Background: We previously showed that supernatants of Lactobacillus biofilms induced an anti-inflammatory response by affecting the secretion of macrophage-derived cytokines, which was abrogated upon immunodepletion of the stress protein GroEL.
Methods: We purified GroEL from L. reuteri and analysed its anti-inflammatory properties in vitro in human macrophages isolated from buffy coats, ex vivo in explants from human biopsies and in vivo in a mouse model of DSS induced intestinal inflammation. As a control, we used GroEL purified (LPS-free) from E. coli.

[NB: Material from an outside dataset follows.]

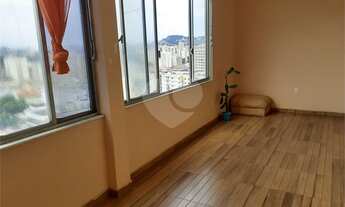 Imagem 4: Excelente cobertura totalmente reformada com vaga de garagem na escritura em Vila Isabel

Results: We found that L. reuteri GroEL (but not E. coli GroEL) inhibited pro-inflammatory M1-like macrophages markers, and favored M2-like markers. Consequently, L. reuteri GroEL inhibited pro-inflammatory cytokines (TNFα, IL-1β, IFNγ) while favouring an anti-inflammatory secretome. In colon tissues from human biopsies, L. reuteri GroEL was also able to decrease markers of inflammation and apoptosis (caspase 3) induced by LPS. In mice, we found that rectal administration of L. reuteri GroEL (but not E. coli GroEL) inhibited all signs of haemorrhagic colitis induced by DSS including intestinal mucosa degradation, rectal bleeding and weight loss. It also decreased intestinal production of inflammatory cytokines (such as IFNγ) while increasing anti-inflammatory IL-10 and IL-13. These effects were suppressed when animals were immunodepleted in macrophages. From a mechanistic point of view, the effect of L. reuteri GroEL seemed to involve TLR4, since it was lost in TRL4-/- mice, and the activation of a non-canonical TLR4 pathway.
Conclusions: L. reuteri GroEL, by affecting macrophage inflammatory features, deserves to be explored as an alternative to probiotics.
Keywords: Colonic inflammation; GroEL; IBD (inflammatory bowel disease); Macrophages; Probiotics.